My cheeks grew suddenly warm. A curious resentment awoke in me at her words—had I indeed no lover? Surely I had!—one that I knew well and had known for a long time,—one for whom I had guarded my life sacredly as belonging to another as well as to myself,—a lover who loved me beyond all power of human expression,—here the rush of strange and inexplicable emotion in me was hurled back on my mind with a shock of mingled terror and surprise from a dead wall of stony fact,—it was true, of course, and Catherine Harland was right—I had no lover. No man had ever loved me well enough to be called by such a name. The flush cooled off my face,—the hurry of my thoughts slackened,—I took up my embroidery and began to work at it again.
“That is so, isn’t it?” persisted Miss Harland—“Though you blush and grow pale as if there was someone in the background.”

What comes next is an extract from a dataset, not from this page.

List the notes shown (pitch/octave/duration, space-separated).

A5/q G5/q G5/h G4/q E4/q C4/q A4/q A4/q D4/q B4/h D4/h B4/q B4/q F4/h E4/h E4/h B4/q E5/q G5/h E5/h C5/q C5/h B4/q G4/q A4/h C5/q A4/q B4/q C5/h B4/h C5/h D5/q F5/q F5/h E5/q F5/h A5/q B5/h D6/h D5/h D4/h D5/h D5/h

I met her inquisitive glance and smiled.
“There is no one,”—I said—“There never has been anyone.” I paused; I could almost feel the warmth of the strong hand that had held mine in my dream of the past night. It was mere fancy, and I went on—“I should not care for what modern men and women call love. It seems very unsatisfactory.”
She sighed.
“It is frequently very selfish,”—she said—“I want to tell you my love-story—may I?”
“Why, of course!” I answered, a little wonderingly, for I had not thought she had a love-story to tell.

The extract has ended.